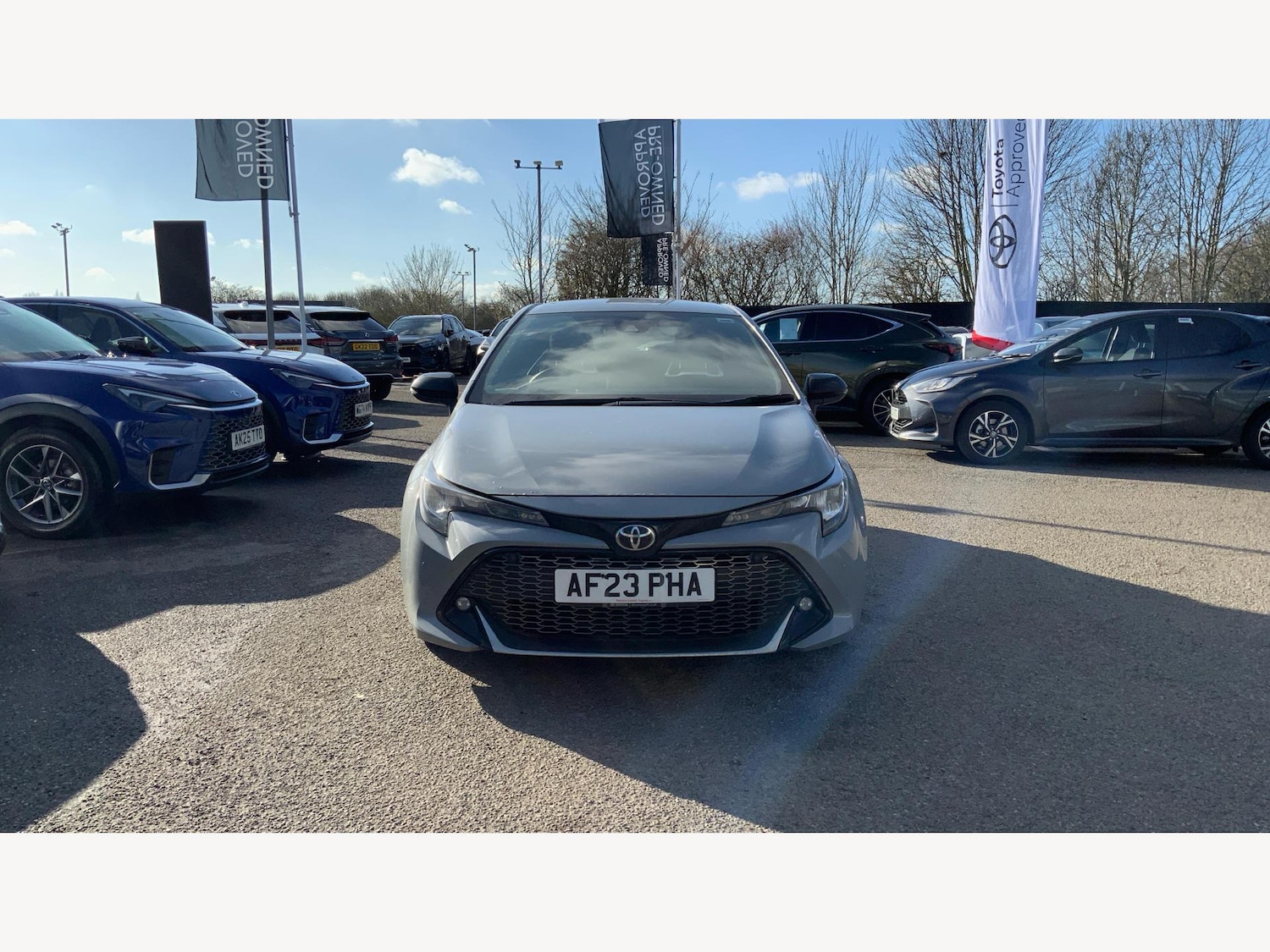 Used Toyota Corolla 2023 for sale - 77625052: Photo 17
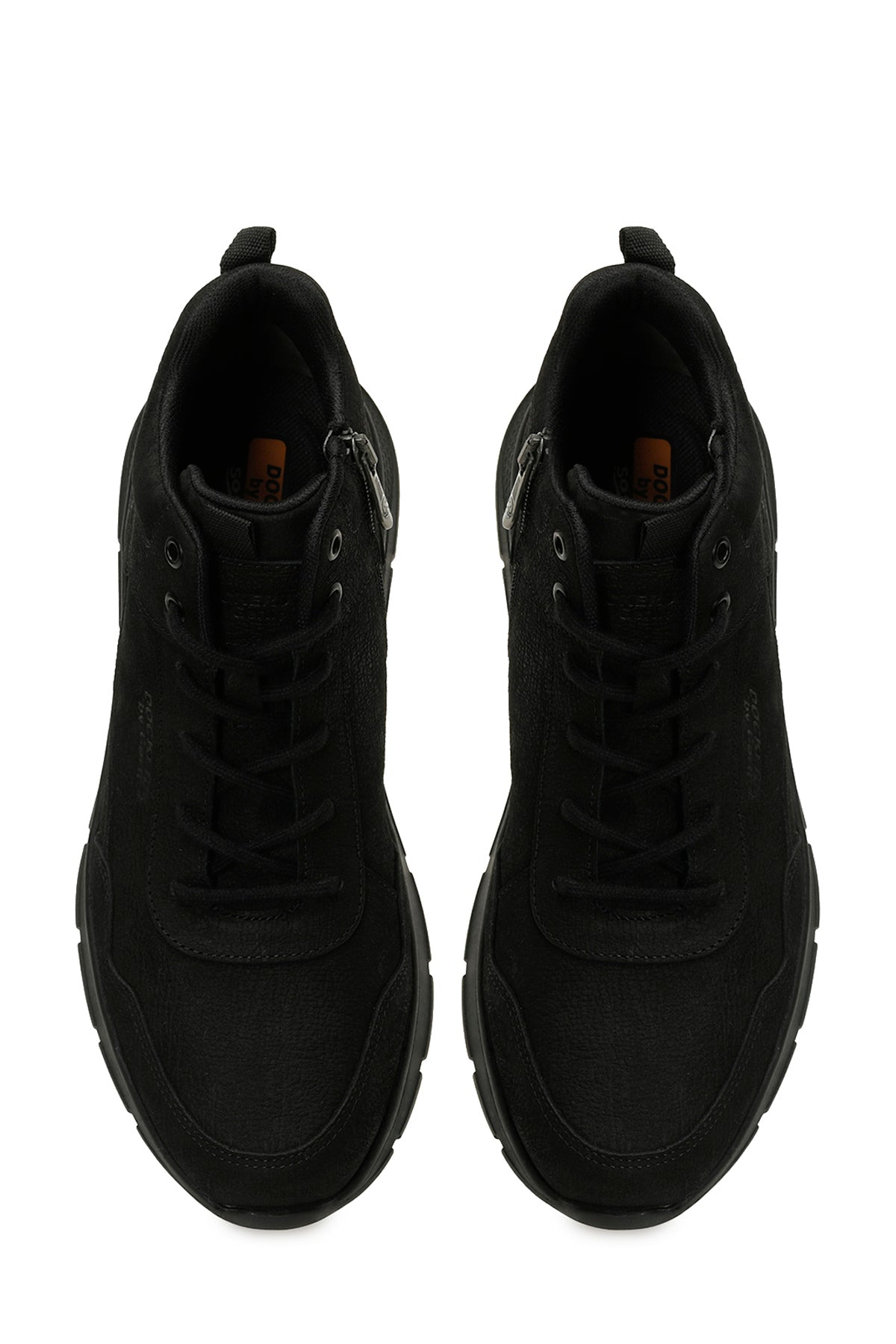 FISHER 5PR Black Men's Boots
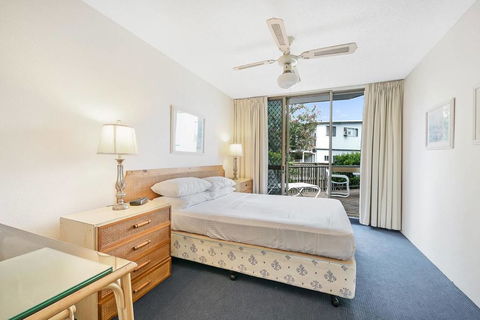 2 Bedroom Private Unit - Alexandria Apartments - Foster Accommodation 1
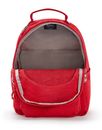 kipling Basic Seoul Backpack S Red Rouge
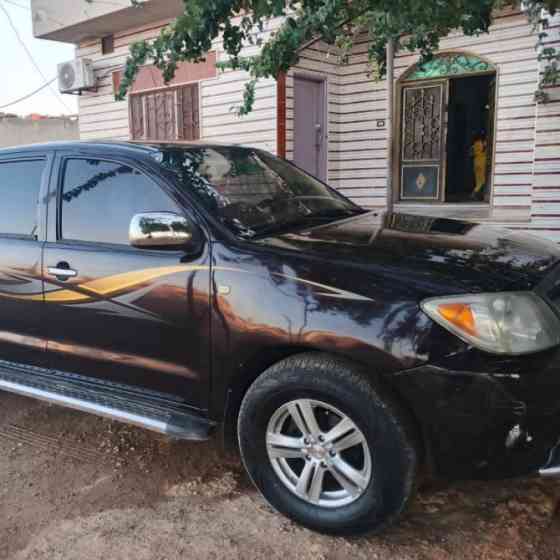 تويوتا هايلوكس 2007 دمشق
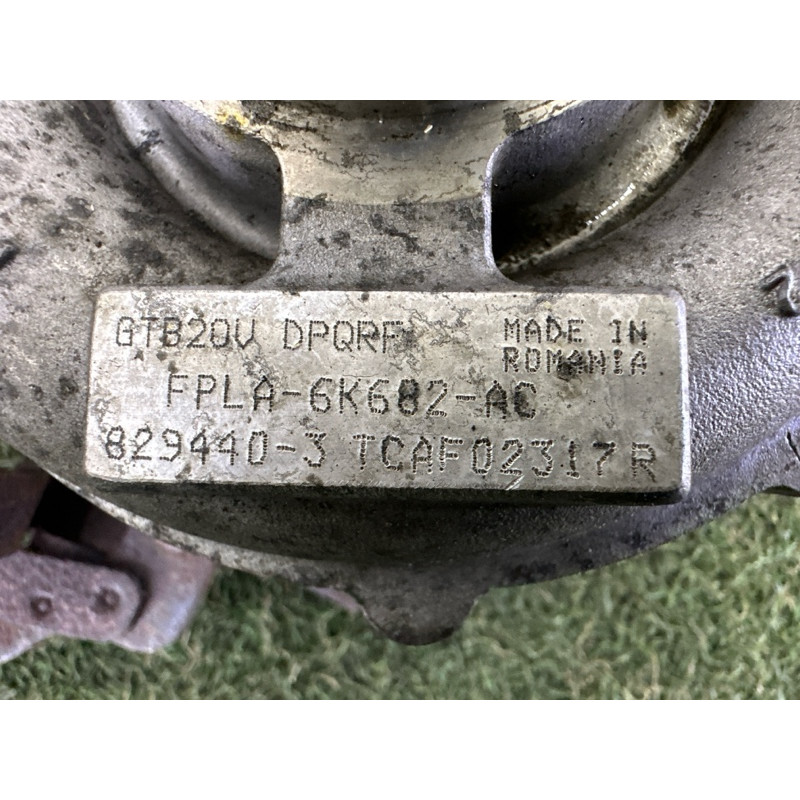 Турбіна (выпускная система) LAND ROVER RANGE ROVER Sport L494 2016 3.0 Diesel LR084606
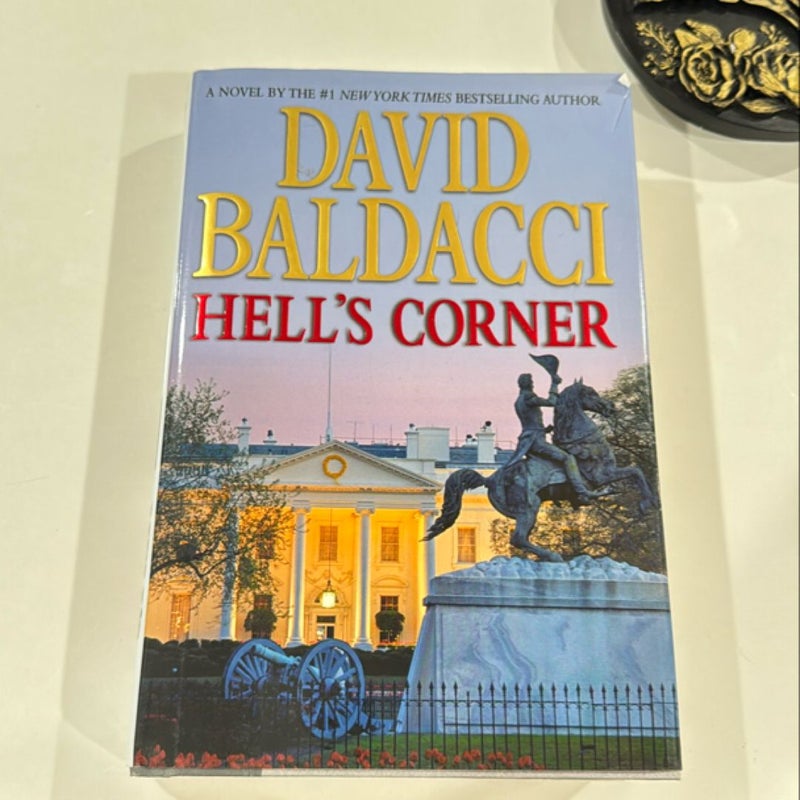 Hell's Corner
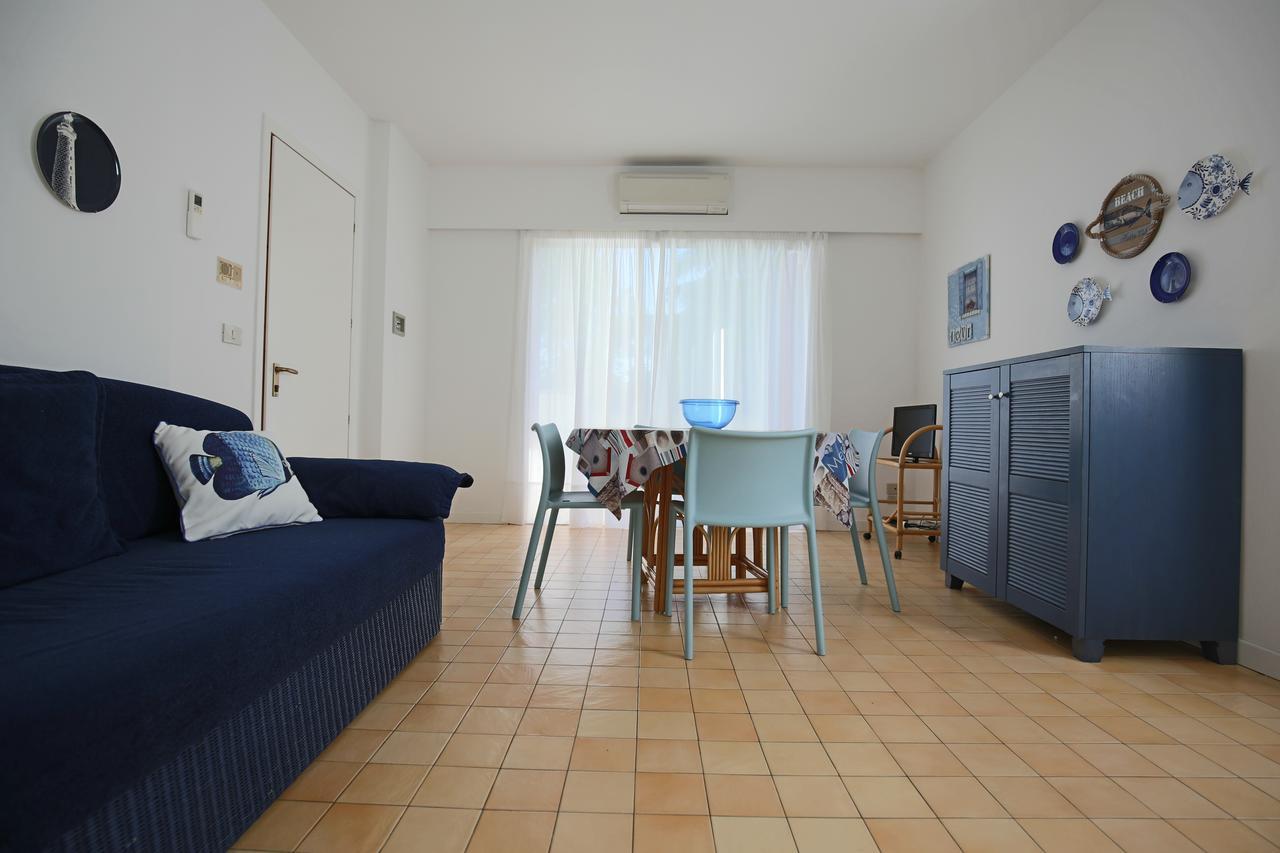 Residence Selenis Caorle Exteriér fotografie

───

**WORK REQUIRED:**
Begin at the line with "kipling Basic Seoul Backpack S Red Rouge" and retype exactly every line through the last one of the entries above, both included, and nothing more; pictures stay out.

**EXPECTED ANSWER:**
 kipling Basic Seoul Backpack S Red Rouge
 تويوتا هايلوكس 2007 دمشق
 Турбіна (выпускная система) LAND ROVER RANGE ROVER Sport L494 2016 3.0 Diesel LR084606
 Hell's Corner
 Residence Selenis Caorle Exteriér fotografie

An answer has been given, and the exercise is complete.